Running Detection Model every k frames

Question

Running Detection Model every k frames

HarshPathakhp opened this issue 5 years ago · comments

Hey!
Thanks for your work on the repo.
My issue is as follows : Currently, on the original sort repo, the author mentions to run the detection model in every frame. Hungarian algorithm is then run to find matching between detection output of current frame and predicted tracking output of previous frame (the second part uses Kalman Filter).
If however, detection is run every k frames, and during detection at current frame a new object is detected (for which we create a new tracker), then currently there is a high uncertainty over how that bounding box will move(since we just created a new tracker for it), and the outputs should be noisy for the subsequent k - 1 frames.
Can you please share your insight on this?

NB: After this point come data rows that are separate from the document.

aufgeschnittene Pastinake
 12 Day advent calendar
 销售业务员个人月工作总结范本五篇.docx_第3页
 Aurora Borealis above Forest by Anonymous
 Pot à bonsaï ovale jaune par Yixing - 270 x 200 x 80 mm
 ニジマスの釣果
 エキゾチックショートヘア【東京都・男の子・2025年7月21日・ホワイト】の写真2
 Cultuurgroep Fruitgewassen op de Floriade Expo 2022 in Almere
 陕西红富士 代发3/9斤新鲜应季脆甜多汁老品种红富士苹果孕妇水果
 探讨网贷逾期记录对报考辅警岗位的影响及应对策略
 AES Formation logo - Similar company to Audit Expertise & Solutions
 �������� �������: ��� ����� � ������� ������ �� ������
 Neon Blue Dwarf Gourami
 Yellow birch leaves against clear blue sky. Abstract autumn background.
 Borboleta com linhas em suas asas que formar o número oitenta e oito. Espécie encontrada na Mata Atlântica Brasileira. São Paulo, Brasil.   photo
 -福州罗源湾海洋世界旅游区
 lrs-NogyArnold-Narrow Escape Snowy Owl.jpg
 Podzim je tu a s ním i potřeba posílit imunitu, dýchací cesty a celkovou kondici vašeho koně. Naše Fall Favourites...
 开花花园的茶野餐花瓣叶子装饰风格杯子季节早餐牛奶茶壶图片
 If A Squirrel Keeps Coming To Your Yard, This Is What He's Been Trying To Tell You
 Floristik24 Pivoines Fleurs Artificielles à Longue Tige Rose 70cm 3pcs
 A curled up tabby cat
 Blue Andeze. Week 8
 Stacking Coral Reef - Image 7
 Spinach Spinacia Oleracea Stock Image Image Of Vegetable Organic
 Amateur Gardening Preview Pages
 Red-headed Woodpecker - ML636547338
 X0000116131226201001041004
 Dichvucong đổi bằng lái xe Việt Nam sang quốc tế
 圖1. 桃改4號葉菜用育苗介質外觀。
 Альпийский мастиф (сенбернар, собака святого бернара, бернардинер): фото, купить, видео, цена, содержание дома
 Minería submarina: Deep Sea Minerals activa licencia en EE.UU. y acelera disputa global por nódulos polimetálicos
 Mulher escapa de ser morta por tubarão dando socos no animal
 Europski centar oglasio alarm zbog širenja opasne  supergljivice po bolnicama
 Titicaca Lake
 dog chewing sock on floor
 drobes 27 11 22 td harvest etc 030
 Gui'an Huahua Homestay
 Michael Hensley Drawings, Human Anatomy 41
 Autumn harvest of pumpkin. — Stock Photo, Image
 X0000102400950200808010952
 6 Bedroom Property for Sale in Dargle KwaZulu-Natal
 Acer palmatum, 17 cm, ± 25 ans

Also, I have another question. Do you think that using Kalman Filter is really necessary? What if we run the detection model every frame, and run hungarian algorithm between detection output at frame i+1 and frame i to find the associations? Since we are not skipping frames and objects will not show any sudden movement between frame i and frame i+1, this approach should work.

Thanks once again for your effort on this.

linzai · Answer 1 · Sat Jul 06 2019 10:32:31 GMT+0800 (China Standard Time)

Hi ,@HarshPathakhp ! Thank you for your question!

In my opinion,first of all, under normal circumstances, most of the face movement is relatively uniform, regular and slow, and the acceleration and direction change little in a short period of time, so the prediction of kalman filtering is roughly consistent with the face movement in most cases.However, the value k should not be too large, otherwise it will be difficult for the face prediction box and the actual position of the face to overlap, leading to tracking failure.The ideal value for the value k is between 1 and 5.

For the second problem, first of all, face detection is uncertain. In the process of face movement, there may be missed detection due to low score or occlusion, which will lead to the interruption of tracking.However, the movement of human faces is regular, and kalman filter can connect the previous frame to the next by prediction, thus maintaining the continuity of tracking.Secondly, most face detection algorithms are time-consuming, and the interval work of detection and kalman filtering prediction algorithms can save computing resources.

Harsh Pathak · Answer 2 · Fri Jul 12 2019 14:31:40 GMT+0800 (China Standard Time)

This answers my question. Thank you for your time!